Opposition MSPs on the environment committee wanted to give ministers the power to cull animals only on the advice of vets and other experts.
But Ms Brankin assured MSPs that would automatically be done and did not need to be written into the Animal Health and Welfare (Scotland) Bill.
Amendments on the issue were put forward by the Greens, the Scottish Conservatives and the SNP.
Nationalist environment spokesman Richard Lochhead argued MSPs were being asked to rely on "an act of faith and the minister's word" that experts would be consulted before any cull.
His amendment demanded ministers first consider the impact on the economy and biodiversity before any slaughter is ordered.
He said measures must be in place to make sure the slaughter powers were not used in error.
Conservative rural affairs spokesman Ted Brocklebank put forward an amendment requiring ministers to take veterinary and scientific advice before any slaughter.
He said that, given the commitment on consultation there was no reason why the minister should not include it in the bill.
Green MSP Mark Ruskell lodged an amendment requiring ministers to take veterinary and scientific advice before culling animals who were disease-free and had not been exposed to any outbreak.
The powers would be used during an animal disease outbreak
"There are concerns here - it's worth putting in another check and balance," he told the committee.
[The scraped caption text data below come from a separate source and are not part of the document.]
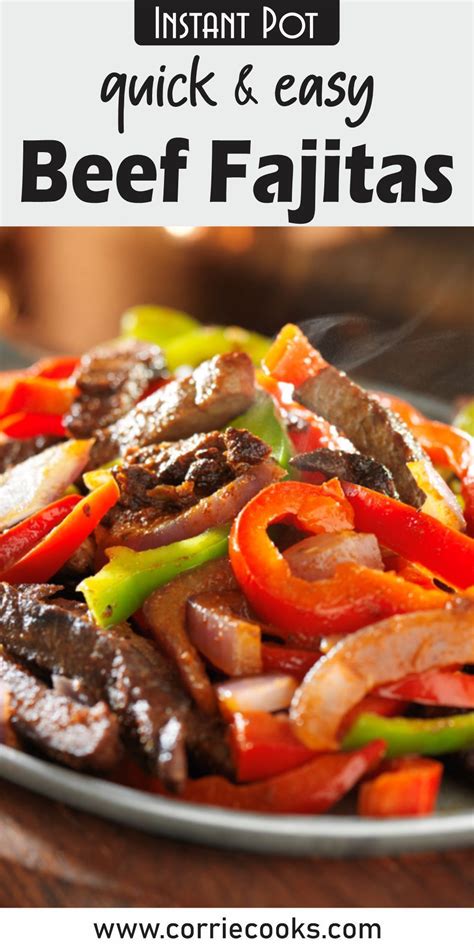 Instant Pot Steak Fajitas Easy Recipe Video Recipe Fajita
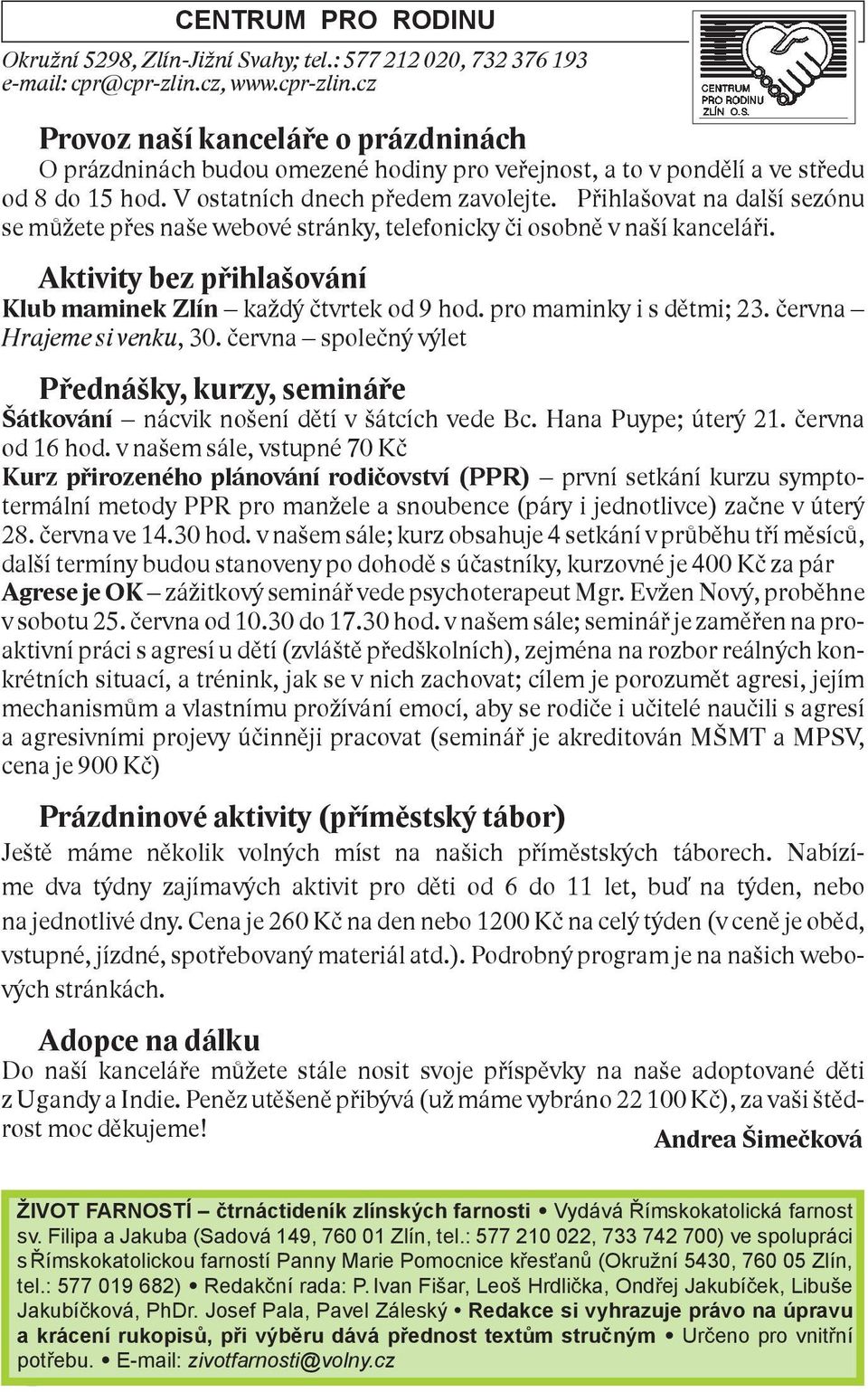 Přihlašovat na další sezónu se můžete přes naše webové stránky, telefonicky či osobně v naší kanceláři. Aktivity bez přihlašování Klub maminek Zlín každý čtvrtek od 9 hod. pro maminky i s dětmi; 23.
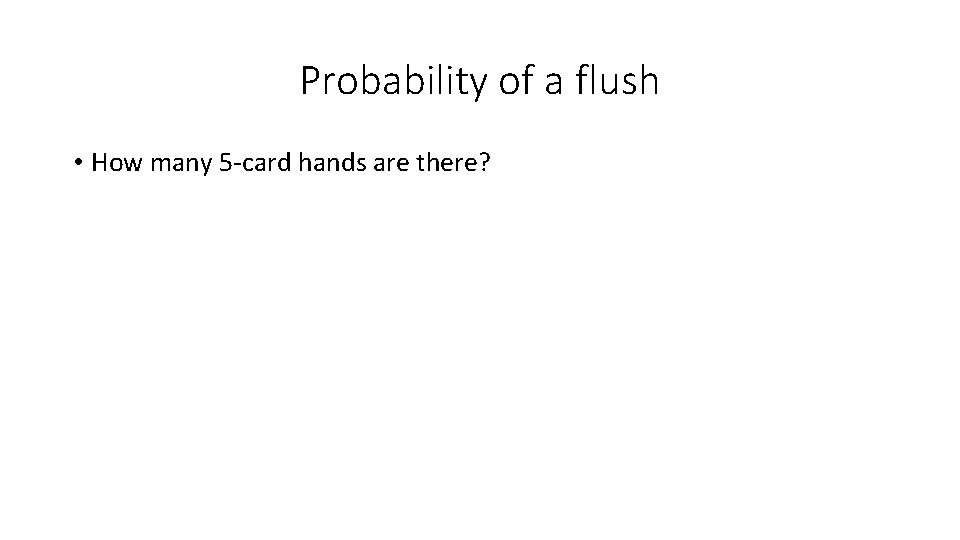 Probability of a flush • How many 5 -card hands are there? 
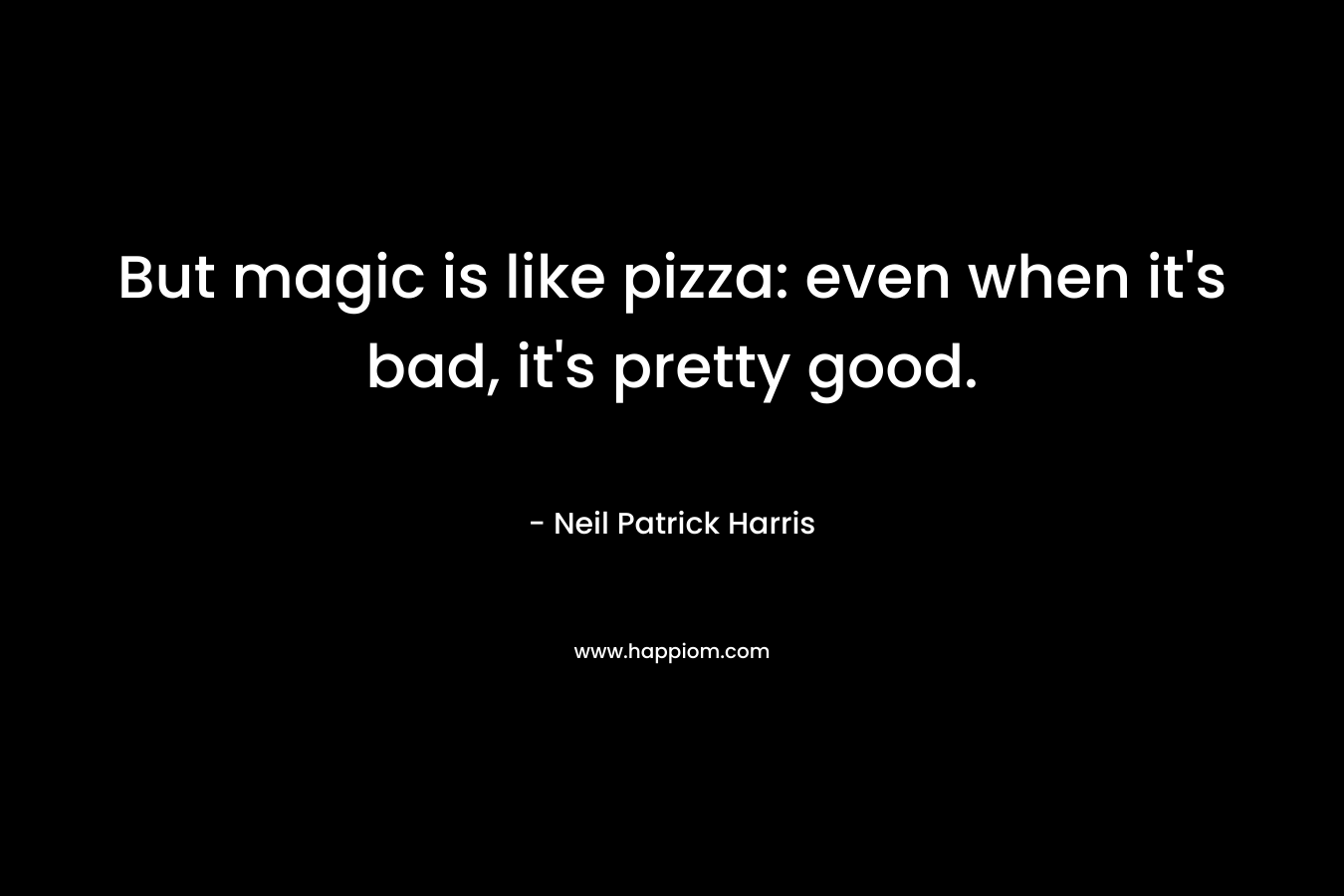 But magic is like pizza: even when it’s bad, it’s pretty good. – Neil Patrick Harris
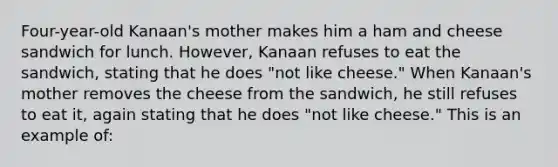 Four-year-old Kanaan's mother makes him a ham and cheese sandwich for lunch. However, Kanaan refuses to eat the sandwich, stating that he does "not like cheese." When Kanaan's mother removes the cheese from the sandwich, he still refuses to eat it, again stating that he does "not like cheese." This is an example of:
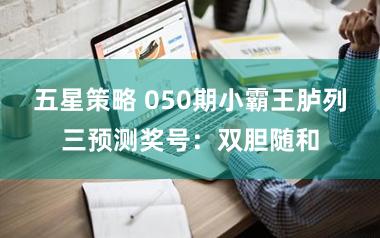 五星策略 050期小霸王胪列三预测奖号：双胆随和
Ms Brankin said: "Exercising the new powers would not be a response of first resort."
She said ministers had already made it clear that they would first have to establish the existence of a disease outbreak.
"In that, the role of veterinary and scientific advice is self-evident," she said.
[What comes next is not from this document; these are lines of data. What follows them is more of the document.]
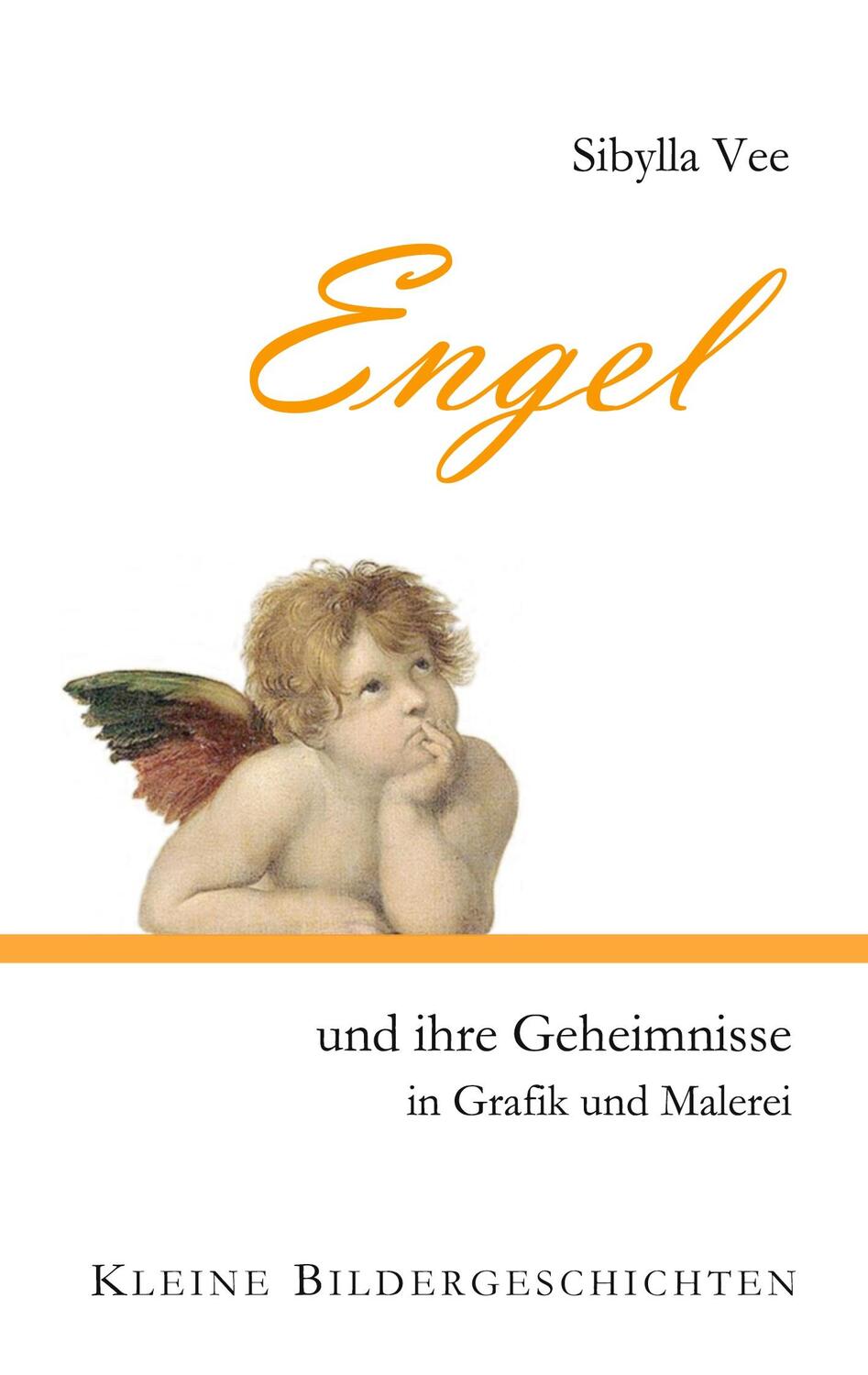 Cover: 9783748101598 | Engel und ihre Geheimnisse in Grafik und Malerei | Sibylla Vee | Buch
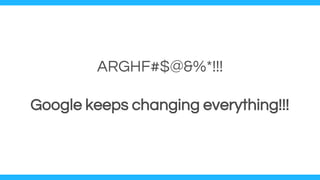 ARGHF#$@&%*!!!
Google keeps changing everything!!!
 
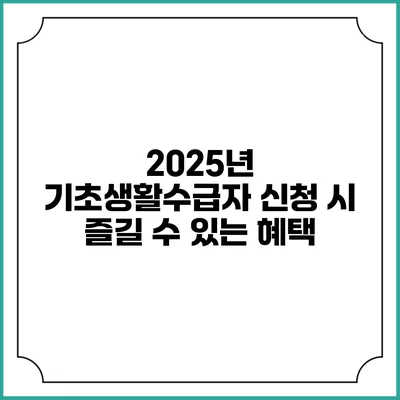 2025년 기초생활수급자 신청 시 즐길 수 있는 혜택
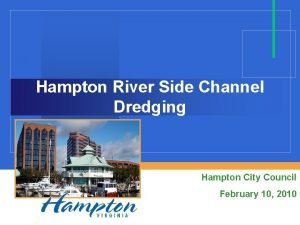 Hampton River Side Channel Dredging Hampton City Council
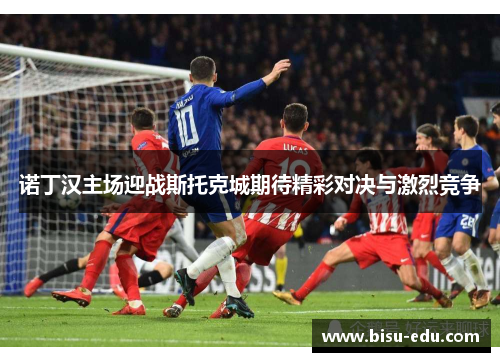 诺丁汉主场迎战斯托克城期待精彩对决与激烈竞争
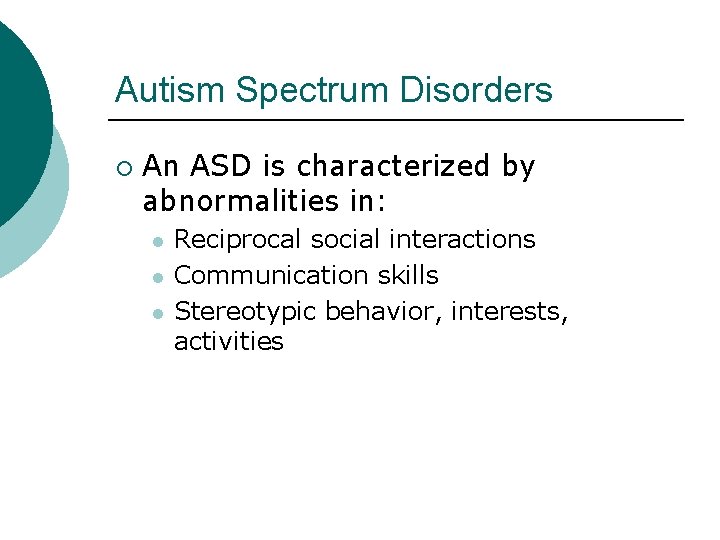 Autism Spectrum Disorders ¡ An ASD is characterized by abnormalities in: l l l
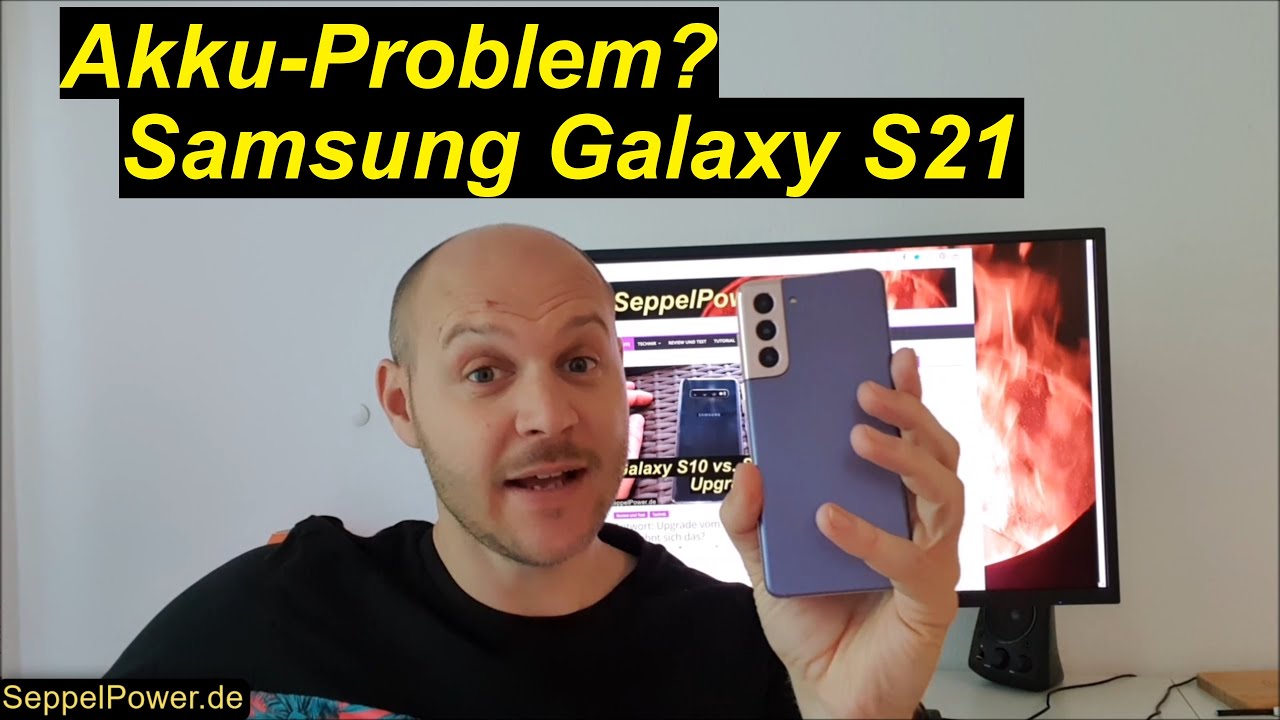 Samsung Galaxy S21 und das AkkuProblem! Warnung? WTF! YouTube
"The powers are there for flexibility during potentially a complex exotic disease situation."
However, she said she would look at the possibility of creating a special document to set out the main factors that had been taken into account in deciding to exercise powers of slaughter.
Before Wednesday's meeting, Green MSPs and members of Advocates for Animals staged a demonstration outside the parliament in support of a complete ban on tail docking.
The bill as it stands would outlaw the practice, but an amendment has been submitted which would allow the tails of puppies to be shortened up to five days old, if a vet certified they were likely to be used as working dogs.
Mr Ruskell, who was among the campaigners said: "Removal of a dog's tail not only causes acute pain to puppies, but may also reduce the strength of the dog's back and compromise its balance and agility.
"Tail-docking is based on tradition whereas the latest scientific evidence shows that it is painful and causes long-term problems for the dog, be it a pet or a working dog."